有使者按捺不住,忙问道。
“校尉大人,我们也亟需粮食供给,只是马匹牲畜实在不多。”
“不知......可否赊贷些许,先解个燃眉之急?”
李煜打眼一看,便知是方才的山民诸部来使稳不住了。
“赊贷?”
“这倒是新鲜。”
他饶有趣味道。
“押物为何?”
“人!”
另外几名使者连忙接道。
“我们手里有人!”
“哦?”
李煜抬了抬眼。
“仔细说说。”
“校尉大人有所不知,”一名使者谄笑道,“自外臣等去岁入关以来,时有零散流民相投。”
“咱们感念王化之恩,这便多有接纳,引其做工而得食,以至今日,规模倒也可观。”
男耕女织,再怎么说也没有派不上用场的废物。
不过他们的话倒也没说清。
作为仆役身份,不少流民男丁可是被派去最危险的城外去采伐、耕垦,因此而致的伤亡也不能说是没有。
不过总体来说,因为掐紧了吃食供应,所以大多人也只得屈从。
要是再搭上各自私底下的那些恩怨情仇,可就不是几句话能理得清了。
只能说恨者有之,感恩戴德者亦有之。
不管怎么说,总归是能活着。
活着,才有未来。
死了,那就什么都没了。
“流民?”
李煜挺直腰背,身子微微前倾,显然是很感兴趣。
“有多少人?”
几个山民使者一阵交头接耳的嘀咕,首座之人这才答道。
“关城内流民之数,总得有个四百上下。”
都是些男男女女,老弱很是罕见。
一方面是尸鬼嘴下难以幸存,另一方面就是出不了力的老弱很难得到接纳。
能被接纳的流民,恰恰都是经过仔细挑选的,要么身强力壮,要么手艺出众,再不济也得有副好皮囊,男女不限。
至于被拒之门外者,他们倒也是给了李煜一个答案。
“那些人大多都是寻了个边墙烽燧,收拾收拾就住了进去。
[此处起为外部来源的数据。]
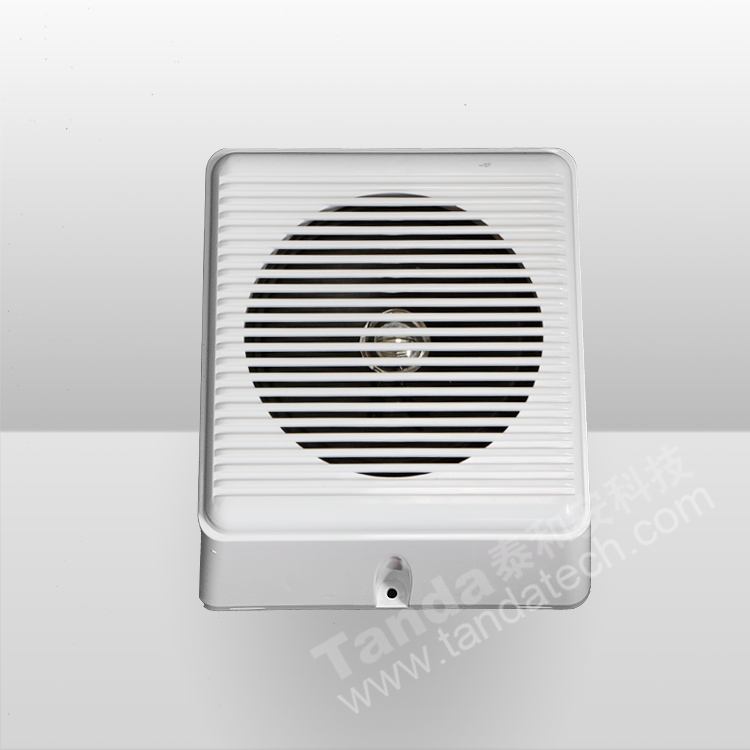 壁挂式扬声器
”
“听说,有些墩楼、烽台还有地窖,里面的吃食兵甲仍旧完好,不过这这事儿也就是捕风捉影罢了。”
更类似于一种美好的幻想。
要是没这点儿念想,北境那些舍不得家中老弱的流民,岂不是连个奔头都没了?
怀揣着希望上路,总是好的。
至于结果,或许就不会那么尽善尽美了。
“哼......”
李煜嗤笑一声。
“老实说,你们这话我不大信。”
“诸位自知部族给养难以久持,还有余力开起善堂来了?”
像那般没赚头的事情,往往只有傻子才会去干。
不待他们辩解,李煜便抬手压了下去。
“不过......这笔烂账本官也确实插不上手。”
“都说清官难断家务事,本官也不是眼里揉不得沙子。”
“要说的话,诸位也算是护民有功......”
“可这关键,还是得看诸位的诚意啊!”
话都挑明了,要是再不知趣,那可就是与他作对,与朝廷作对!
这样的后果,却是在场众人不愿承受的。
“不敢!绝对不敢!”
众人连连告饶。
“虽不曾赡养,但外臣等总不至于吃人,愿者来,不愿者走,讲究个你情我愿啊!”
这倒是有个八成真。
......
除了少数情况下的精虫上脑,部族内的大部分人对外来者都有着本能的抗拒。
外面多来一张嘴,自己人就得少吃一口。
跟他们讲什么天下倾覆,倒不如明天往碗里多给一勺炖豆子——活人都给跟马儿争吃的了。
这也是不少马匹越来越瘦的原因,冬天经常啃干草,吃不到几口杂粮,不掉膘才怪。
最后之所以还是勉强收纳那些流民,也无非是为了那点儿壮劳力。
人多了,起码守城的时候有底气。
尸潮来了,好歹有个挣扎的余地。
而且出城砍伐的时候一次能多采伐一些,就能少走几趟远路,反倒更安全。
不得不出关冒险放牧的时候,草场周围能多派几帮手提防尸袭,就能有效防止剩下的这些牛羊被尸群驱散而丢失。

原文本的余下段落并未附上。